Another
weekend is upon me, wonder of wonders, and joy of joy. Now, still in the wee
hours of the morning I am enjoying my morning coffee. Still reading the Gospels, this morning I read through the 10th Chapter of Luke. I
continue to believe that the more I take in Scripture, the more it will change
my thoughts, person, emotions, and desires of my heart.
I ended my morning devotionals by reading this passage from
James. It is underlined and highlighted in my Bible, since there have been
many, many times in my life when I needed to reaffirm that even though I might
not know what the answers to problems in my life, I knew a God who did. Here is that passage:
“Count it all joy when you fall into various trials. Knowing
that the testing of your faith produces patience. But let patience have its
perfect work, that you may be perfect and complete, lacking nothing.
If any of you lacks wisdom let them ask of God, who gives to
all liberally and without reproach and it will be given to them.
But let them ask in faith, without doubting. For whoever doubts is like a wave of the sea
driven and tossed by the wind. For let not that person think they will receive
anything from the Lord. A double-minded person is unstable in all their ways.”
James 1:2-8
It is the prayer of my heart that God give me wisdom. If your
life is anything like mine, there are so many choices, so many paths. As a
child, I always felt I could “think” my way out of any situation. If a problem
came up, if I just had enough time to “think” I could figure it out. I can see
now that this is sort of an error.
Sometimes life hands us twists and turns that defy our logic. We don’t know, or understand which way to
turn.
When we are in the middle of problems, sometimes, in fact,
most often, the stress of the situation creates a degree of panic. We feel,
“I’ve got to do something. If I don’t
it’s going to get worse!” Much like the
swimmer who starts to sink; if you try
to save them, they flail about and can make both people sink unless they give
up and allow the rescuer to save them.
Before God can step in to our lives, we have to give up the
persistent belief that we can solve our problems alone. Well I’m there. I
realize I’m kind of in a pickle and need God to step in and guide me through
the maze. Some of the opportunities that look good, might be the wrong
direction to take. I have to stop trying to figure things out and wait.
I’ve mentioned before to you that when I was young, I embroidered a picture of Elijah with his
hand out waiting for the raven to feed him. I love that Old Testament story.
The fact that when Elijah was weary, worn out and tired God took him to a brook
and had the birds feed him until he was restored is a tender picture of God’s
love and care. The picture, created some forty years ago is downstairs in my
garage. I think I’ll get it today and
put it up where I can see it as a reminder of God’s care. I need that reminder
now.
This week was a little difficult for me. I was threatened by
a client and it was kind of scary for me. I felt unsafe. I don’t mind so much if I go home to heaven,
but I hate to think of some of my family who might need me around for a while.

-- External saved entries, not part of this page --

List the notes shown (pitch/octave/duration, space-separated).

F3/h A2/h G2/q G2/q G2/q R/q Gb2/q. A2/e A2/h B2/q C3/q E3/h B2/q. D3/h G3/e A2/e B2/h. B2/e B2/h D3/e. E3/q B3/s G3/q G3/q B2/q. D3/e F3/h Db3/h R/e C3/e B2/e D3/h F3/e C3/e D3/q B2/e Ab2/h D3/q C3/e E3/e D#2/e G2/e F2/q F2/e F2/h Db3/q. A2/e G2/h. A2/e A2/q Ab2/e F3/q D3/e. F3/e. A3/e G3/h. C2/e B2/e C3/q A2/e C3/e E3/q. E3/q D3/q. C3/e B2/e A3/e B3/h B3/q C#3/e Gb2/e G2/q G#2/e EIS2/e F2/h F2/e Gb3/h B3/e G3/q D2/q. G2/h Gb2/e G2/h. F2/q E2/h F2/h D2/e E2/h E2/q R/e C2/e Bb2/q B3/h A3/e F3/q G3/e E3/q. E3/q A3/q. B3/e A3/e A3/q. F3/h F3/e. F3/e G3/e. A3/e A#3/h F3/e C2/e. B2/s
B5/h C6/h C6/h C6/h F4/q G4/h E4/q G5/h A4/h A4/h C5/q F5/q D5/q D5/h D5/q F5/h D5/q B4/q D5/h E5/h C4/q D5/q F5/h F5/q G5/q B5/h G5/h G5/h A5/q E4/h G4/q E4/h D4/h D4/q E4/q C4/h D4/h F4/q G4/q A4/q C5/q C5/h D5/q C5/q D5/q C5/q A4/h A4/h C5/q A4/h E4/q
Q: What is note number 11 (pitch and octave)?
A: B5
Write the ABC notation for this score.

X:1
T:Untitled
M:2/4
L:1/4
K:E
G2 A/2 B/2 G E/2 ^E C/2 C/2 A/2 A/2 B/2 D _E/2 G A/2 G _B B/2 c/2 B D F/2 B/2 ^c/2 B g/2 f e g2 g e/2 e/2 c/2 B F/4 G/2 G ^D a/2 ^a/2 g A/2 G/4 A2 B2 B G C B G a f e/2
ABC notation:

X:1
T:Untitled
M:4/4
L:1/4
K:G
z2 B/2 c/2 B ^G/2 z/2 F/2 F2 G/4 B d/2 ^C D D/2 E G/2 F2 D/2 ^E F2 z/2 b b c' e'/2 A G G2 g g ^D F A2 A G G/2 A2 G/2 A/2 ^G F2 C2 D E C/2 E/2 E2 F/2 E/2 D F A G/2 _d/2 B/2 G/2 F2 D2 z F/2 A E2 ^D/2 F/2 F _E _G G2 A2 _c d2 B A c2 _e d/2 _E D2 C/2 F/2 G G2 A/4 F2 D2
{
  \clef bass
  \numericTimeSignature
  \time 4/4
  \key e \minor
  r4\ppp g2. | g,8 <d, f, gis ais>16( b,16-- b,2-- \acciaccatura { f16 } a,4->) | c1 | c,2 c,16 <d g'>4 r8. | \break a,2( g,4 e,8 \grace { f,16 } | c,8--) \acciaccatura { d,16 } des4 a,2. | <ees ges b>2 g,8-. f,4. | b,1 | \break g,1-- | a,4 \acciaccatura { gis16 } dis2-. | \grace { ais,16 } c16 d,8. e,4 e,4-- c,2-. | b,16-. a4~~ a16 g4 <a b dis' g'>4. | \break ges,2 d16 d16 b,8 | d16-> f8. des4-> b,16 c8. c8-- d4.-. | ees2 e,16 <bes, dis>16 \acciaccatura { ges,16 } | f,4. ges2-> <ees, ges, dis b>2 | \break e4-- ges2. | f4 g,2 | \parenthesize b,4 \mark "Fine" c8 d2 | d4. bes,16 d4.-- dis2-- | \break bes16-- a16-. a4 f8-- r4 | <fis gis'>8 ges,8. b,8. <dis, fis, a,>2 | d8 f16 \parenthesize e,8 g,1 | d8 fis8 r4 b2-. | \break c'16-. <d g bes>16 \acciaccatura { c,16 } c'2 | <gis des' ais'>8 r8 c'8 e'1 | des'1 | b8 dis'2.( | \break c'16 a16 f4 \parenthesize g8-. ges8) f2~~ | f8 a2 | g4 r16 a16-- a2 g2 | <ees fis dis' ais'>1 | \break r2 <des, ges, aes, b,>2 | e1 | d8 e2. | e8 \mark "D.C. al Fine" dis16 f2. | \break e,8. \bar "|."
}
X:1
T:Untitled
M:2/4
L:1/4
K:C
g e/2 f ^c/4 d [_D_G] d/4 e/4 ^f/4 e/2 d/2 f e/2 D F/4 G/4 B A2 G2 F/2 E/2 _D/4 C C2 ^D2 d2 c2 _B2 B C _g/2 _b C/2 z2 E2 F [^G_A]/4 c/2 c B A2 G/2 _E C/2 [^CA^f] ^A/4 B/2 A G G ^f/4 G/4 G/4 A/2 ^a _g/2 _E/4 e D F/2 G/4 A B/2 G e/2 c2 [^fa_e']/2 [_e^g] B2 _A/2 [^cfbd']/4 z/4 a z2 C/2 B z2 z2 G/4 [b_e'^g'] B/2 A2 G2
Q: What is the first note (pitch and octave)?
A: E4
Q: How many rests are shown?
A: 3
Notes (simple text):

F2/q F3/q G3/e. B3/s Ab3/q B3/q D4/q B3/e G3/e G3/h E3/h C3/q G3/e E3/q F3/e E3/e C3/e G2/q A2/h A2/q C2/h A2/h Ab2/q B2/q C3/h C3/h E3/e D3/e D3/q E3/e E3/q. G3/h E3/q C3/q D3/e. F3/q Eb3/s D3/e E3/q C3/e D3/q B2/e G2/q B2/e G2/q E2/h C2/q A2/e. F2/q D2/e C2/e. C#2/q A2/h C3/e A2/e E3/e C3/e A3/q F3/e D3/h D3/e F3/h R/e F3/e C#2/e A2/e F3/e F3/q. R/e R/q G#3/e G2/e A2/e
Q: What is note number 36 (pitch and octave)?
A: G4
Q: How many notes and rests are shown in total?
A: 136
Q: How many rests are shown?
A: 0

Working with the population I do, it’s a given that on occasion threats of
violence will occur. I lived through the week, lost a little sleep, had a few
headaches, but I survived with God’s help. I feel a little like the cowardly
lion in The Wizard of Oz, talking about courage but still visibly shaking.
However, God is good. Another old song I love includes the phrase, “I am weak, but He
is strong.” (Just a Closer Walk With Thee) I am weak, but with my hand in His, “I can do all things through
Christ who strengthens me.” Philippians 4 :13
I admit, I lack wisdom of how to resolve some issues in my life right
now. I am asking God to supply that need for wisdom and direction. To guide
with His outstretched arm, and strong right hand my steps, my path, my
decisions. I believe He will. I just need to not panic, and start floundering
thinking I’m going to drown in problems. God is there, His timing is perfect,
my night of weeping will end, I will find joy in the morning I need to - wait.
Today, may your steps be guided by the light of His Word. May your heart be comforted by the depth of His love, and may your path be one that becomes clearer as you follow His will for your life. Be blessed.